Four Elements of Her Life
According to Fr. Sullivan, there are four main elements of St. Teresa Benedicta’s life that stand out:
- The first notable component of her spirituality is her practice of prayer. She describes it as “the communication of the soul with God.” She continues, “God is love and love is goodness giving itself away. It is a fullness of being that does not want to remain enclosed in itself, but rather to share itself with others, to give itself to them, and to make them happy.” (St. Teresa Benedicta, Love for Love) She says we should prioritize the exercise of love before all else and work to repay the love given by God.
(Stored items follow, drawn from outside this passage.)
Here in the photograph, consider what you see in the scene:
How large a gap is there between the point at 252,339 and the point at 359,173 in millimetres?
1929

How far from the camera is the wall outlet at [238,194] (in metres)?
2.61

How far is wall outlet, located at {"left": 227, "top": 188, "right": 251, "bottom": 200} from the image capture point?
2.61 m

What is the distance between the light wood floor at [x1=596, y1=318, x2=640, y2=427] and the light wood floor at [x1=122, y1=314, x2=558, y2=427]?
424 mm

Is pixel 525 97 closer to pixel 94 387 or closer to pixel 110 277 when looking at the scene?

- The Cross was also an important part of her life. When Edith Stein took her religious name, she asked for the subtitle “of the Cross” deliberately. It is a play on words, as the Latin for Benedicta is blessed, making her name to mean “Teresa blessed by the Cross.” Fr. Sullivan says that she relied on the Cross to transform her life positively, not because she dwelled on the suffering, but because she expected the Resurrection to follow. While studying St. John of the Cross in 1941, she wrote to a friend, “One can only gain a scientia crucis (knowledge of the cross) if one has thoroughly experienced the cross. I have been convinced of this from the first moment onward and have said with all my heart: ‘Ave, Crux, Spes unica’ ( I welcome you, Cross, our only hope)”
- In St. Teresa Benedicta’s story, we observe a lifelong pursuit of the truth. Her whole life was an effort at discovering the truth, which she found in Christ, and she persevered until death. Because she herself underwent an atheistic phase from the time she was 15 until age 30, she had compassion and understanding for those who were searching and had not yet arrived at this Truth. She was known to have said “Have patience with yourself – God has it too.” She also said, “God is Truth and all who seek after truth seek after God, whether they know it or not.”
- Lastly, Fr. Sullivan says a hallmark of St. Teresa’s life was her wisdom. Her writings contain scores of truth and wisdom which can guide us today. To answer the question, “What is wisdom?” Fr. Sullivan explains that it is “truth with experience.” St. Teresa Benedicta’s knowledge and insight certainly fits this definition. Her mission on earth was to guide people by sharing her own wisdom, and she undoubtedly continues this mission while in heaven.
Begin Each New Day Like a New Life
This prayerful reflection is a practical bit of wisdom taken from her writings which describes how we can handle the difficulties and failures that we sometimes encounter when working for the Kingdom of heaven: “The Lord is indeed there and can give us in a single moment what we need. Thus, the remainder of the day will continue, perhaps in great fatigue and laboriousness, but in peace. And when night comes and retrospect shows that everything was patchwork, and much which one had planned left undone, when so many things rouse shame and regret; then take all as it is, lay it in God’s hands, and offer it up to God. In this way, we will be able to rest in God, actually rest, and begin the new day like a new life.”